Montecorvino Rovella (Sa). Progetto “Crocevia di Imperii”: le indagini archeologiche nella chiesa altomedievale di Sant’Ambrogio alla Rienna indicano i suoi chiari legami con la cultura materiale delle corti secolari e dei monasteri della Langobardia meridionale

Progetto “Crocevia di imperi: la chiesa longobarda di Sant’Ambrogio a Montecorvino Rovella (Salerno)”

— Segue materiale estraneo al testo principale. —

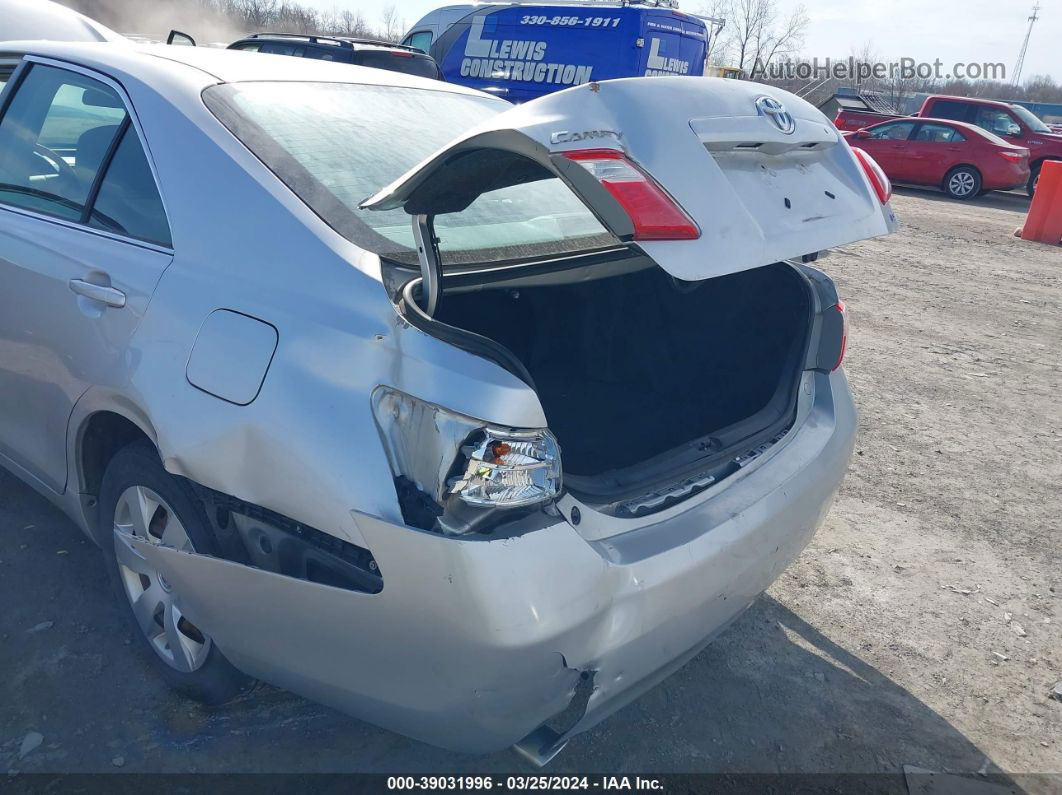 2009 Toyota Camry Le V6 Silver vin: 4T1BK46K99U086025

Approfondire la conoscenza e promuovere la rivalutazione della chiesa altomedievale di Sant’Ambrogio alla Rienna, scoperta alla fine degli anni ’70 da appassionati di beni culturali locali nella campagna di Montecorvino Rovella (Salerno): questo lo scopo del progetto “Crocevia di imperi: la chiesa longobarda di Sant’Ambrogio a Montecorvino Rovella (Salerno)”. Lo studio documentario e le indagini archeologiche svolte presso la chiesa dal 2016 al 2025, finanziate dalla British Academy e dalla Gerda Henkel Stiftung e agevolate dal Comune di Montecorvino Rovella e dalle università di Salerno e Birmingham, indicano i suoi chiari legami con la cultura materiale delle corti secolari e dei monasteri della Langobardia meridionale tra la fine dell’VIII e il IX secolo. Poiché la chiesa non ha subito modifiche sostanziali nei secoli successivi, non solo mostra un tessuto del IX secolo eccezionalmente ben conservato e ancora in piedi in pregiata muratura, ma ospita uno dei più pregevoli schemi pittorici conservatisi del periodo, caratterizzato da una delle prime immagini della Theotokos, Maria come Madre di Dio, nell’Europa occidentale.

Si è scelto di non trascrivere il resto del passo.